It seems that in deed there is a problem with quad socket opteron and unstructured CFD so we tried the solution proposed in this link
https://www.anandtech.com/show/4486/...mark-session/5

We have enable node interleaving in the motherboard BIOS (and tried also the settings here http://hamelot.io/programming/the-im...compute-nodes/) but unfortunately we didn't observe any change on the performance.

We also tried to use mpirun option like --bind-to none, or --bind-to socket etc..without success.

Maybe someone on this post have an idea on how to deal and improve the performance of this workstation (a BIOS problem ? a RAM problem ? a compilation of OPenFOAM problem ?...). Of course we knew that we couldn't have a performance similar to a true 64 Xeon cluster. We assumed to obtain performance similar to a ~30/40 cores xeon workstation not a 8 cores !!!

Thanks in advance for helping us !!

F

flotus1 · April 5, 2018, 09:23

I never had the chance to play with this architecture, so I might not be of much help here.
But my 2 cents are: enabling node interleaving for a NUMA-aware application (like OpenFOAM) is counterproductive. I would only enable channel and rank interleaving. Node interleaving would increase latency and decrease bandwidth compared to NUMA where each processor has direct access to it's own memory pool.
I think binding processes to the correct cores is the key to success here. I.e. spreading them out as evenly as possible across all 4 nodes and making sure the processes stay on the same core. Further improvements might be possible by having processes with high mutual communication on the same node instead of having them transfer data between nodes. But achieving this in a repeatable and easy-to-use fashion is beyond my capabilities.
Edit: thinking about this again: "--bind-to core" combined with "--map-by ppr:N:socket" should get you pretty far. Here N is the number of threads per socket, in your case the total number of threads divided by 4.

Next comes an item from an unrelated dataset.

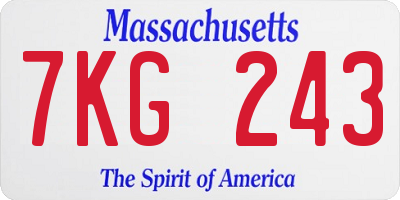 MA license plate 7KG243
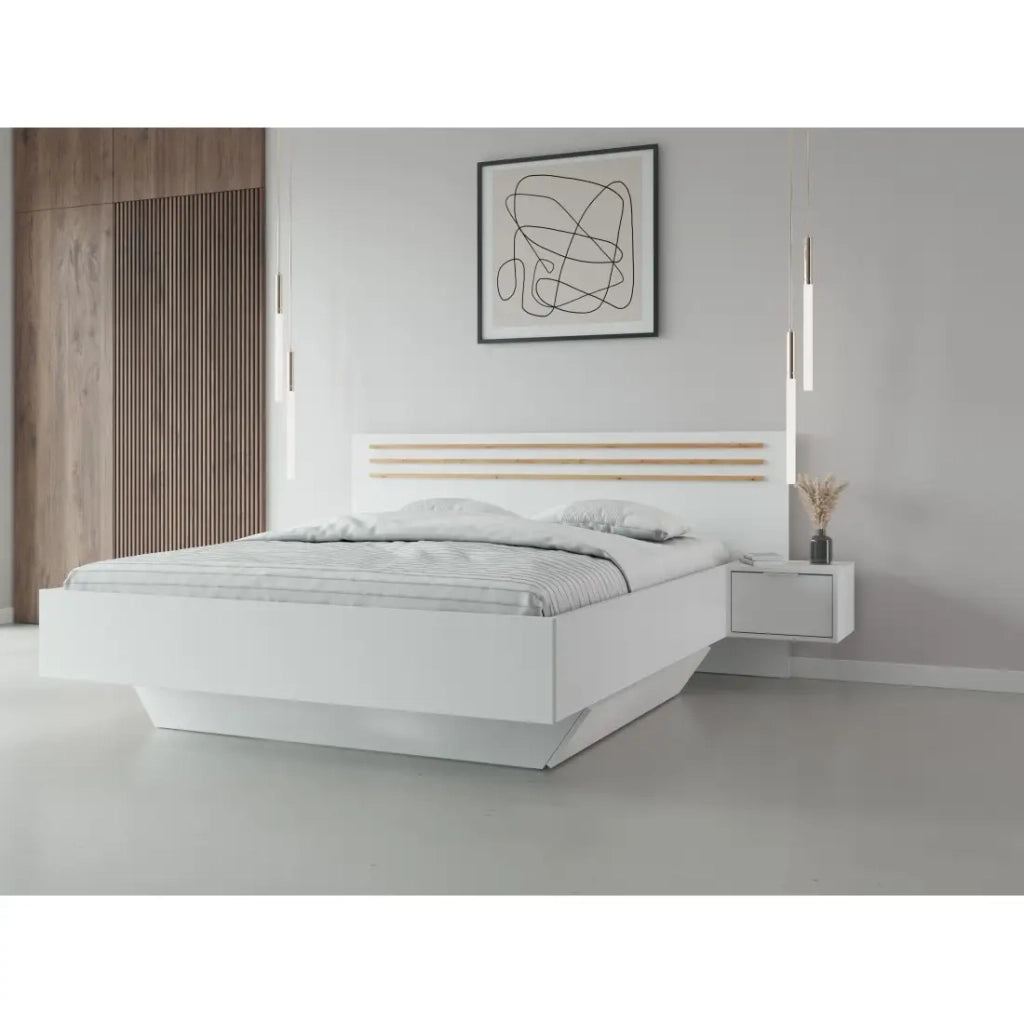 Camera completa FLORENCE – Letto 160x200 + rete + cassetti + armadio + cassettiera – Bianco e rovere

Then again, intra-node latencies might also play a role here and I know nothing about this architecture

All I know is that these "16" core CPUs actually only have 8 FPUs. This might be something you should take into account when distributing processes.

How is the performance with NUMA and all threads running on only one node?

Fauster · April 5, 2018, 12:45

Dear flotus1,

Thank you very much for helping us. We disable node interleaving. channel and rank interleaving were already enable.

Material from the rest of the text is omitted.